Aynı adreste aynı şirketin farklı iki aboneliği için kesilen faturanın sebebi sorulunca modemin teslim edilmediği söyleniyor. Sonradan teslim edildiği halde çifte faturalandırma sürüyor. Eski modem teslim edilmemişse istenir, teslim edilemiyorsa modem ücreti alınır, iki farklı abonelik ücreti alınmaz, ama alınıyor. Mahkemeye intikal edenleri mahkemeler tahsil etmiyor reddediyor. Böyle borçların tahsili için mahkeme yerine varlık şirketleri tercih ediliyor.
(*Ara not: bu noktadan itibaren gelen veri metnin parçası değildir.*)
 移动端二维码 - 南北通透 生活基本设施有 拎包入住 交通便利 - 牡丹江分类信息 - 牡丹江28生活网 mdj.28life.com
Varlık şirketlerine devredilen sözde alacaklar, abonelere polis telsizi sesleri dinletilerek ‘Polis, hamal, çilingirle geliyoruz, kapıyı açıp ne varsa kaldıracağız’ denilip aboneler tehdit ediliyor ve tahsilat yapılıyor.
Samsun Telekom’da da bu yöntem uzun zaman kullanıldı, aboneler soyulup soğana çevrildi. Buna rağmen paralar Telekom’a değil varlık şirketlerine gittiği için Telekom zarar üstüne zarar etti. Bunar yapıldığı zamanda aynı yazıyı yazdım, ancak ilgililer üç maymunları oynadı.
Cumhurbaşkanı/AkParti Gen Bşk Erdoğan’ın yaptığı en adil düzenleme bu ve benzeri; 2000-2500 TL’nin altındaki borçların silinmesidir.